RCG Series: Part Two


Shani Erdman

News Editor

Get ready Milken students, because Milken is offering a new class this year: Religion, Culture, Geography — or as it is commonly referred to, RCG II. While the course has no prerequisites, it is recommended that students take Race, Class, and Gender (RCG) prior to enrolling in the class.

It was Mr. Nick Holton, Social Science teacher’s, idea to add RCG II to the course catalog. He explained that the Social Sciences Department had been trying to push a geography and world religion course for a while now.
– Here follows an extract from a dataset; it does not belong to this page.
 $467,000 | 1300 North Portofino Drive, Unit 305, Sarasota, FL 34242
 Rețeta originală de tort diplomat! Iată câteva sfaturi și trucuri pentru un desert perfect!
However, their attempt to run a geography course a few years ago did not pan out, most likely because the idea of studying geography was not appealing enough to students.

Instead of merely studying maps, RCG II challenges students to analyze the development of social, economic, political, and geographical issues with global lenses.

“RCG II assumes that in order for students to discuss social issues in other countries, they need to know more about the culture, religion, and geography of those areas,” Holton explained.

The course is broken down into five parts:

The first is looking at bias narrative in maps, statistics, and the media. Bias narrative is the underlying and sometimes hidden stories or biases that the construction of statistical tables and images imply.

“For example, there is a certain bias in that the Western world is portrayed on the top of the map, ” Holton elaborated.

The second part is looking at what culture is, analyzing what meaning we take from it, and examining how it shapes our social world.

The third part is studying world religions and exploring how they shape our reality.

The fourth part is learning physical geography and completing basic map work.

Finally, the fifth part is reading various essays on global and social issues and debating them. Students will be exposed to articles with a range of topics, from colonialism to gender issues around the world.

“I honestly feel privileged to be in RCG II. It covers important topics that schools don’t often put enough emphasis on,” Megan Taban ’15 said.